Я не знаю, как сейчас, но тогда существовало правило, согласно которому уволенный из армии офицер имел право не поступать на работу в течение трех месяцев, непрерывный стаж при этом сохранялся. Я, правда, и сейчас не знаю, нужен ли был для меня непрерывный стаж, пенсия-то у меня была военная. Но так уж было принято, что офицеры устраивались на работу в течение трех месяцев со дня увольнения. Так или иначе, а к концу первого месяца я стал томиться от безделья и пошел по нашим офицерам-отставникам узнавать о работе.
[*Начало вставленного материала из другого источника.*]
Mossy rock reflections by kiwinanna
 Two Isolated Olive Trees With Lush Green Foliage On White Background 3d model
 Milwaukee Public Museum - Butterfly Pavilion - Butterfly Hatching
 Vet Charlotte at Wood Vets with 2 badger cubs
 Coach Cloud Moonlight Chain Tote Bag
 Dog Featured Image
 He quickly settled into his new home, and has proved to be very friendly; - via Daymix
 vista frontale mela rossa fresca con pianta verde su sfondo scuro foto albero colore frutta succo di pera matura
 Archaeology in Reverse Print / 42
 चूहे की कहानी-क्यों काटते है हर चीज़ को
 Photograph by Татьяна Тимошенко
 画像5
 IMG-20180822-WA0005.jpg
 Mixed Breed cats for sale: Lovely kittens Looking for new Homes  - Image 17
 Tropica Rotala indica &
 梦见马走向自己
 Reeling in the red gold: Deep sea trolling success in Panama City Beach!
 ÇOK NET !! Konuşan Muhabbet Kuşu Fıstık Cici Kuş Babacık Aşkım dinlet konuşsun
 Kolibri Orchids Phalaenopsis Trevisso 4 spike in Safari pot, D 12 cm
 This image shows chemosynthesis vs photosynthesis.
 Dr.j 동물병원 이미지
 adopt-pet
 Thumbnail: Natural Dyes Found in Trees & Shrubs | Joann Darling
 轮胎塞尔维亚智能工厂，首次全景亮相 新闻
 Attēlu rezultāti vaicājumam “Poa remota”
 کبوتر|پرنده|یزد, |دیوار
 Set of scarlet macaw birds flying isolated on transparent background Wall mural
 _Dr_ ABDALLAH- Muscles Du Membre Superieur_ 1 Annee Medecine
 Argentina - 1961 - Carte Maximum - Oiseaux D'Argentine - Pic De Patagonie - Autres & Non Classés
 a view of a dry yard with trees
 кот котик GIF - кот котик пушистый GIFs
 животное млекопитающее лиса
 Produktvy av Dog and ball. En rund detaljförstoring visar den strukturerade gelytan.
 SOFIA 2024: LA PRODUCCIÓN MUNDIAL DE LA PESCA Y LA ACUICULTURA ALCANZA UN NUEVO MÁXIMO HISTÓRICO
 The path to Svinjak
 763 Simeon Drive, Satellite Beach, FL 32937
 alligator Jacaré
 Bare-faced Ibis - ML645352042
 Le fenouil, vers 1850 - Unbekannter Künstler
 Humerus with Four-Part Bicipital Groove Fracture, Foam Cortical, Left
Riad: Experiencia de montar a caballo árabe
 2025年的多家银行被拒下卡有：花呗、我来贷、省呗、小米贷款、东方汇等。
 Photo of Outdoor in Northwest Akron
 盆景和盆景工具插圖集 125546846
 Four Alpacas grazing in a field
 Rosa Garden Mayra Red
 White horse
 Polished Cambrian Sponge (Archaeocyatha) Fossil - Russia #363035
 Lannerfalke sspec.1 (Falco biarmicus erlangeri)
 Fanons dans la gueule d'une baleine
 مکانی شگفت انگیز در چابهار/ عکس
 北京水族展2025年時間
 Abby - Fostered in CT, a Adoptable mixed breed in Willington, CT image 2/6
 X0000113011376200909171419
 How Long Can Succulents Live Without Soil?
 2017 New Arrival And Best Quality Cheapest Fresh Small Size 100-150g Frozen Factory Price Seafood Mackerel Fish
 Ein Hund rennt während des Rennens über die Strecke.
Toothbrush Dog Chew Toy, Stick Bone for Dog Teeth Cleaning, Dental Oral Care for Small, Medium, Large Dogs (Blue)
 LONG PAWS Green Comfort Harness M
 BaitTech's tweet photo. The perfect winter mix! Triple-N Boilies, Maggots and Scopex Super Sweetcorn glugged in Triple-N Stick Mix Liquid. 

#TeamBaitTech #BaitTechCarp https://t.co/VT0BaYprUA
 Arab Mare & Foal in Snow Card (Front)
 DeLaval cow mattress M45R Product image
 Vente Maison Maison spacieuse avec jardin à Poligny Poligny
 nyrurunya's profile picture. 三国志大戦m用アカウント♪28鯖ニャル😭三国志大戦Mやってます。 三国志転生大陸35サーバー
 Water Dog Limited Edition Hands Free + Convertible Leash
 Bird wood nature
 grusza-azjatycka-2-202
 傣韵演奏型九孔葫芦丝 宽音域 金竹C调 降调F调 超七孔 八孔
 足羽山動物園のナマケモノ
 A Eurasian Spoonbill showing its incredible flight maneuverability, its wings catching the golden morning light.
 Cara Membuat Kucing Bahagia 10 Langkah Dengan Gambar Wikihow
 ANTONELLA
Вспомнилось, как офицеры моего поколения постоянно подсчитывали, сколько осталось до пенсии, и постоянно бравировали бытовавшей тогда «формулой»: «Хорошо бы попасть на кадрированную пасеку: чтобы мед был, а пчел не было». А когда дошло до дела и нужно было подыскать работу, я почувствовал растерянность и дискомфорт, тем более что меня сдерживал «потолок» в зарплате - всего 81 рубль. А я, здоровый сорокапятилетний мужик, имел академическое образование и большой опыт работы с людьми и техникой. Это была, несомненно, искусственно скрываемая безработица да и простое наше разгильдяйство и бесхозяйственность. Вот и сидели здоровые мужики, на которых, прямо скажем, можно было еще долго и успешно пахать и которые умели хорошо работать (не умевших увольняли раньше времени), в различных конторах, перебирая бумажки, с которыми с успехом могли бы справиться выпускницы школы, не поступившие в вуз. В лучшем случае они устраивались различными пожарными инспекторами, в отделы техники безопасности или по линии гражданской обороны. И еще вот подумалось, а как сейчас приходится тем офицерам, которые увольняются без квартир, многие без пенсии и очень многие даже без перспективы устроиться на работу.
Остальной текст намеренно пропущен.